In your reply, repeat every entry exactly and skip over each picture.

====== Material for this exercise ======

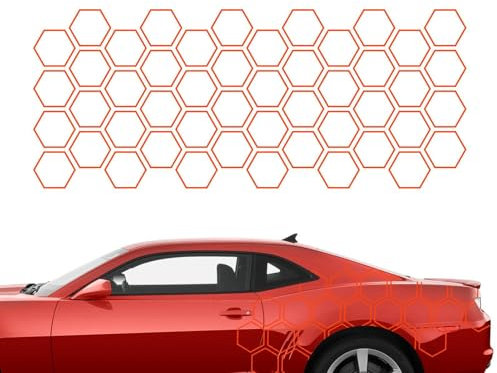 Auto-Waben-Seitenaufkleber – Waben-Autoaufkleber, Waben-Vinyl-Aufkleber | Selbstklebender Aufkleber von Scratch Hiddens, selbstklebend, 50 x 200 cm, sechseckige Karosserieaufkleber für Autotüren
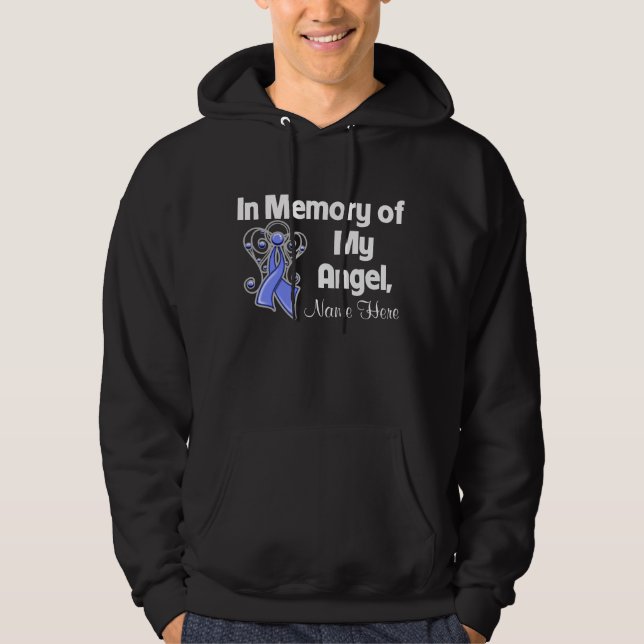 Personalise In Memory Angel Oesophageal Cancer Hoodie (Front)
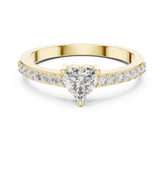 Heart Cut Diamond Pave Accents Engagement Ring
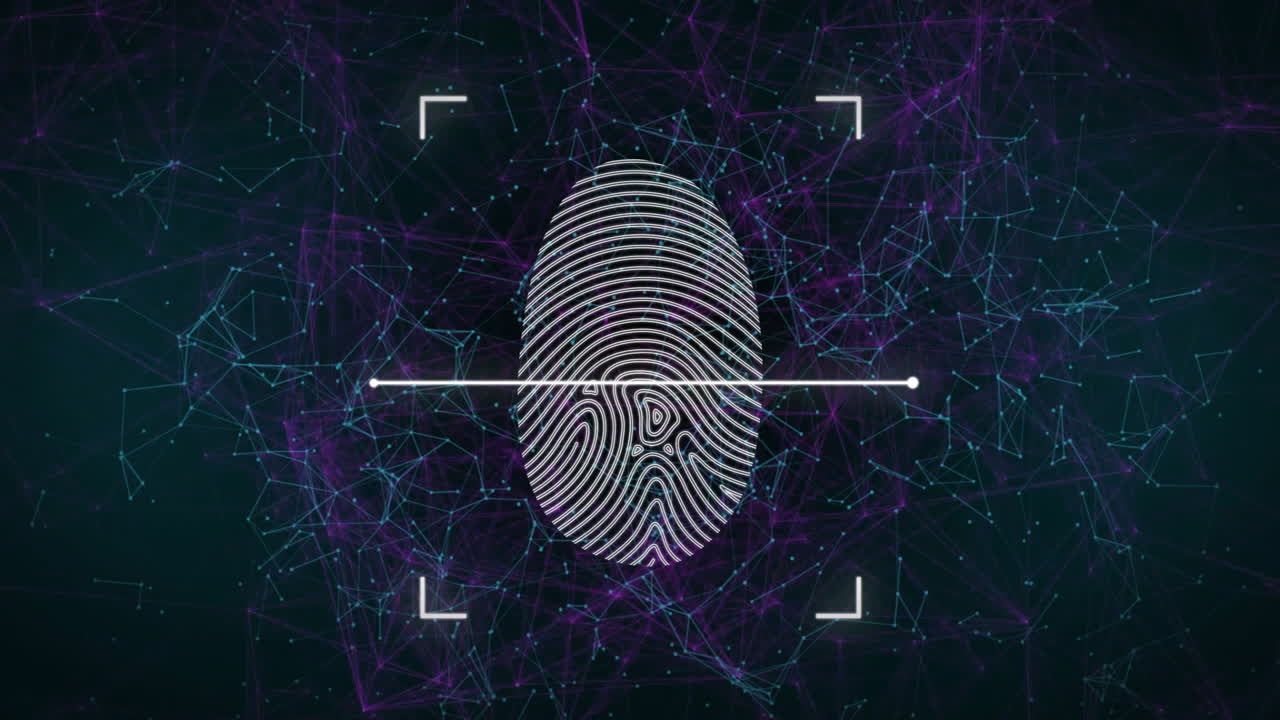 animación de escaneo de huellas dactilares a través de una red de conexiones sobre un fondo negro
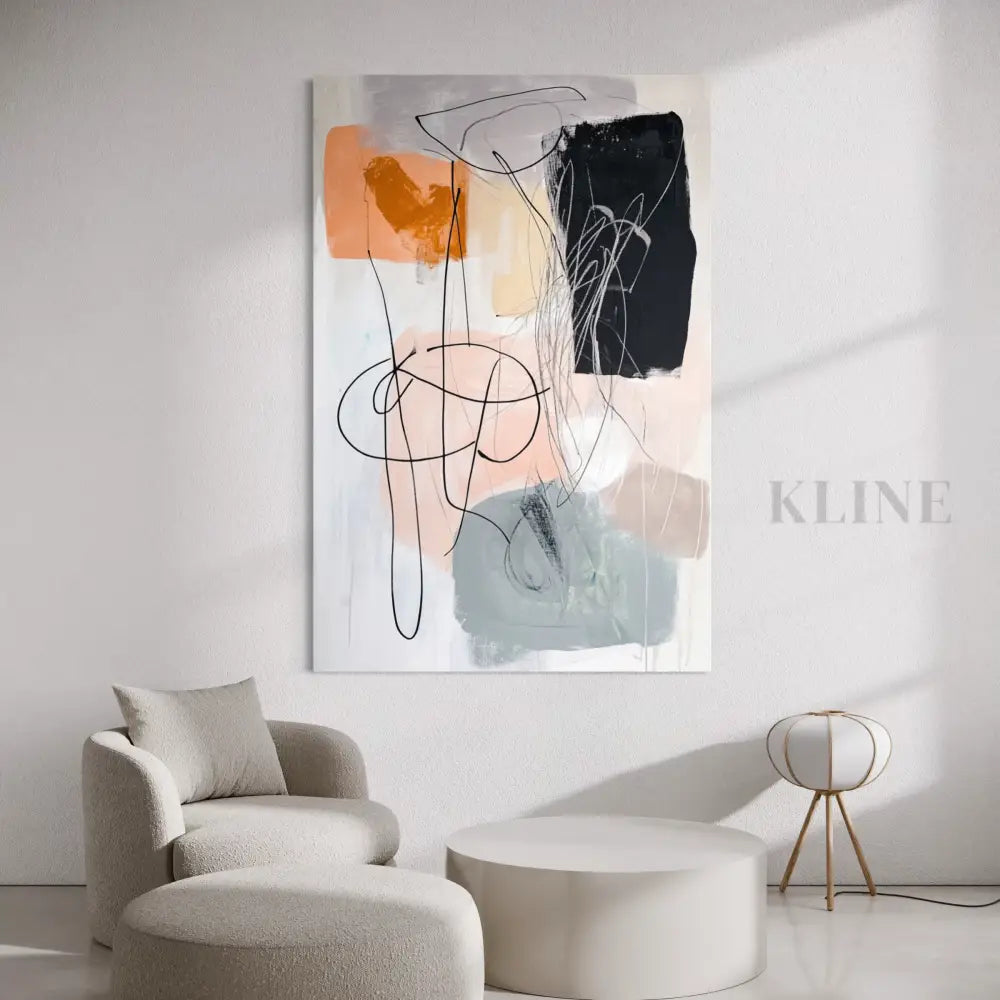 Soft Geometry in Blush - Hand Painting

======

§ **Solution to this exercise**
 Auto-Waben-Seitenaufkleber – Waben-Autoaufkleber, Waben-Vinyl-Aufkleber | Selbstklebender Aufkleber von Scratch Hiddens, selbstklebend, 50 x 200 cm, sechseckige Karosserieaufkleber für Autotüren
 Personalise In Memory Angel Oesophageal Cancer Hoodie (Front)
 Heart Cut Diamond Pave Accents Engagement Ring
 animación de escaneo de huellas dactilares a través de una red de conexiones sobre un fondo negro
 Soft Geometry in Blush - Hand Painting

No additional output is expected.